Black clergy, women religious, seminarians mark history, celebrate
The joint conference of the national organizations for black Catholic clergy, women religious, seminarians and deacons finally made its first stop in Baltimore, a city noted for several firsts on the road to equality in the faith.
The annual conference brings together members of the National Black Catholic Clergy Caucus, the National Black Sisters' Conference, the National Black Catholic Seminarians Association and the National Association of Black Catholic Deacons. The Black Catholic Clergy Caucus was founded in 1968, followed in turn by the other groups. They began meeting jointly because of their commonalities.
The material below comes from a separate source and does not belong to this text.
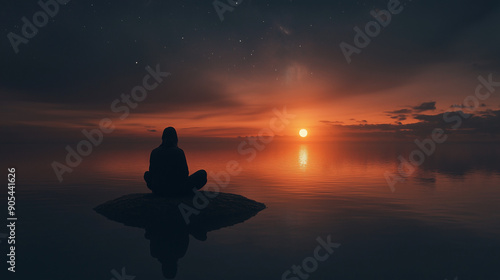 person alone sitting under minimal sky finding solitude 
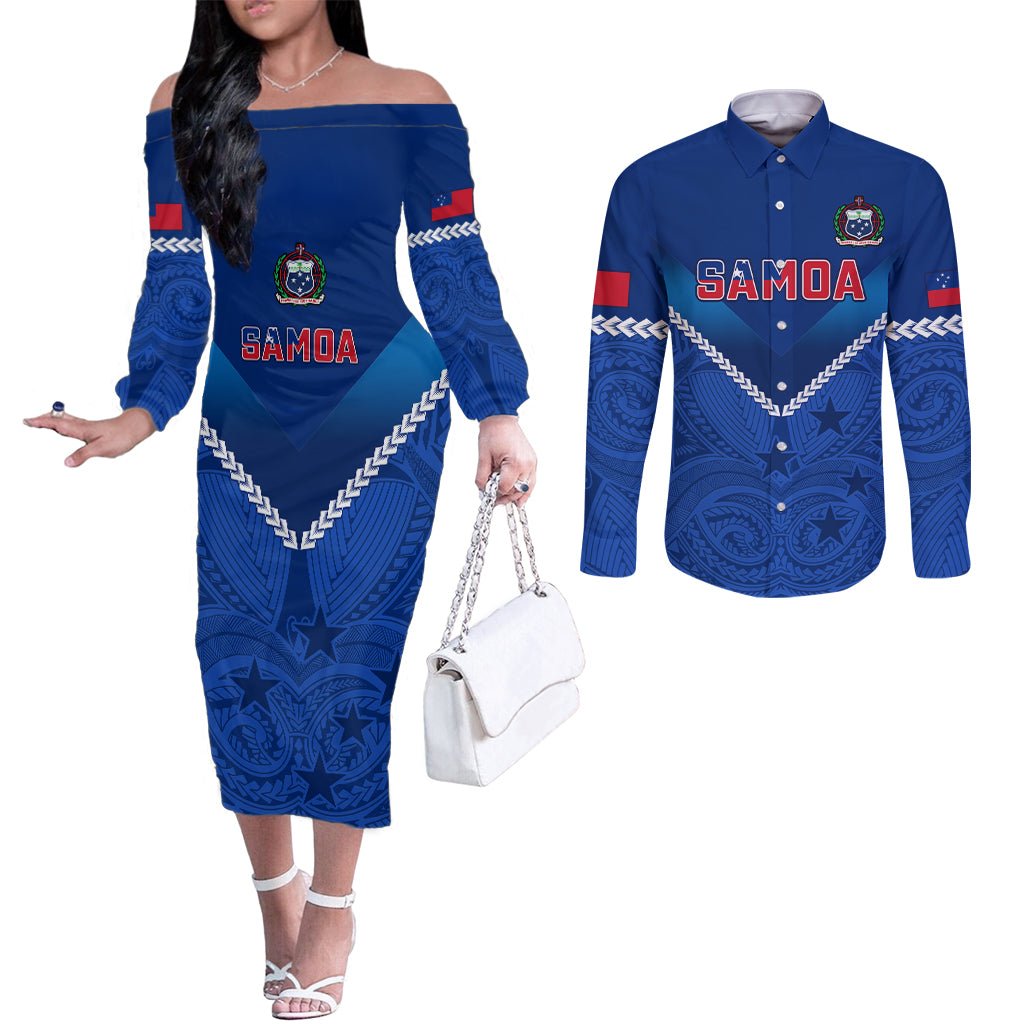 samoa-rugby-couples-matching-off-the-shoulder-long-sleeve-dress-and-long-sleeve-button-shirts-2023-go-manu-samoa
One of this year's attendees, Sr. Beulah Martin, a Sister of the Blessed Sacrament, didn't wait for the formal opening of the July 20-24 gathering to soak up some of that Baltimore history.
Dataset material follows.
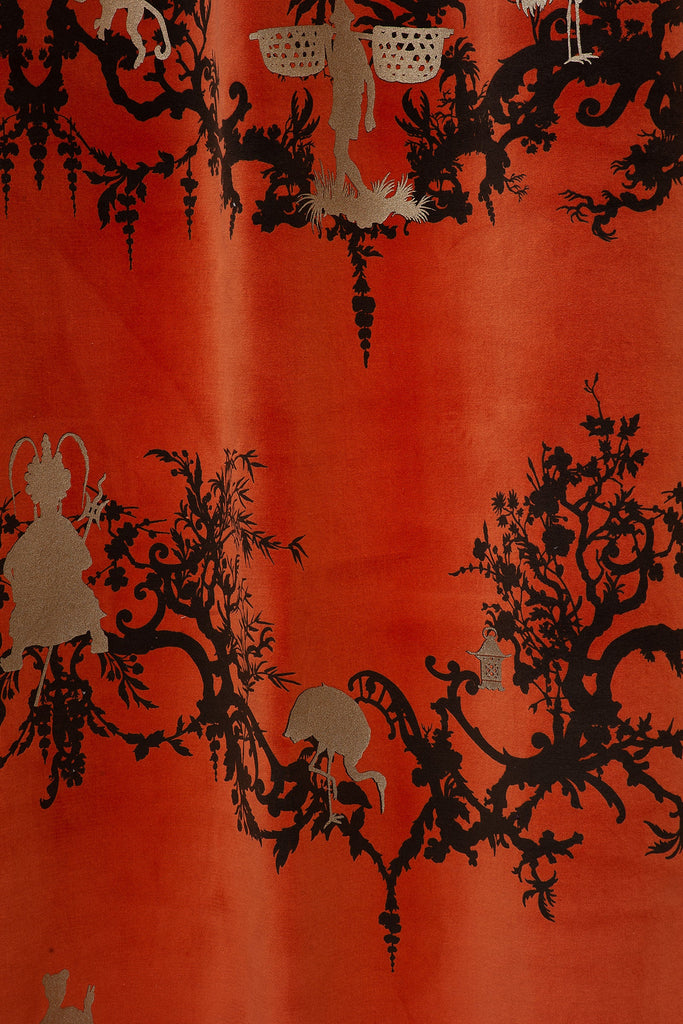 Shuiping de Pillement Velvet Black & Pale Gold on Orange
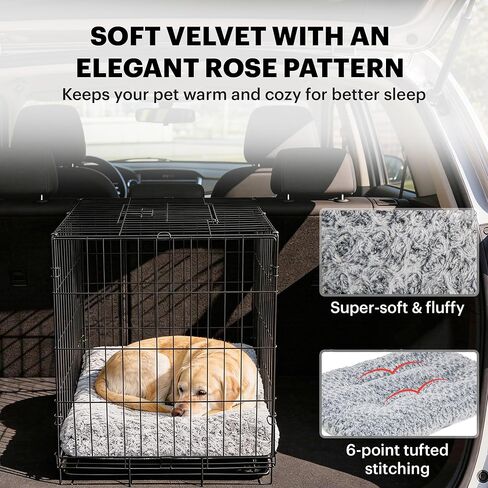 Lafyette. - US Based, Washable Faux Fur Dog Bed, Deluxe Plush Dog Crate Bed, Comfy Kennel Pad, Anti-Slip Pet Sleeping Mat, Soft Cozy Mattress for Large, Medium, Small Size Breed Dogs, 35" x 23", Grey in Saudi Arabia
Beulah was among the more than 100 priests, deacons, seminarians and religious women from around the nation at a July 22 Mass at Historic St. Francis Xavier, the first black Catholic church in the United States.
It was her 10th day in town, as Beulah had spent her annual retreat at the motherhouse of the Oblate Sisters of Providence, who in 1829 were founded by Mother Mary Lange, a candidate for sainthood, as the first community for sisters of African descent in the U.S.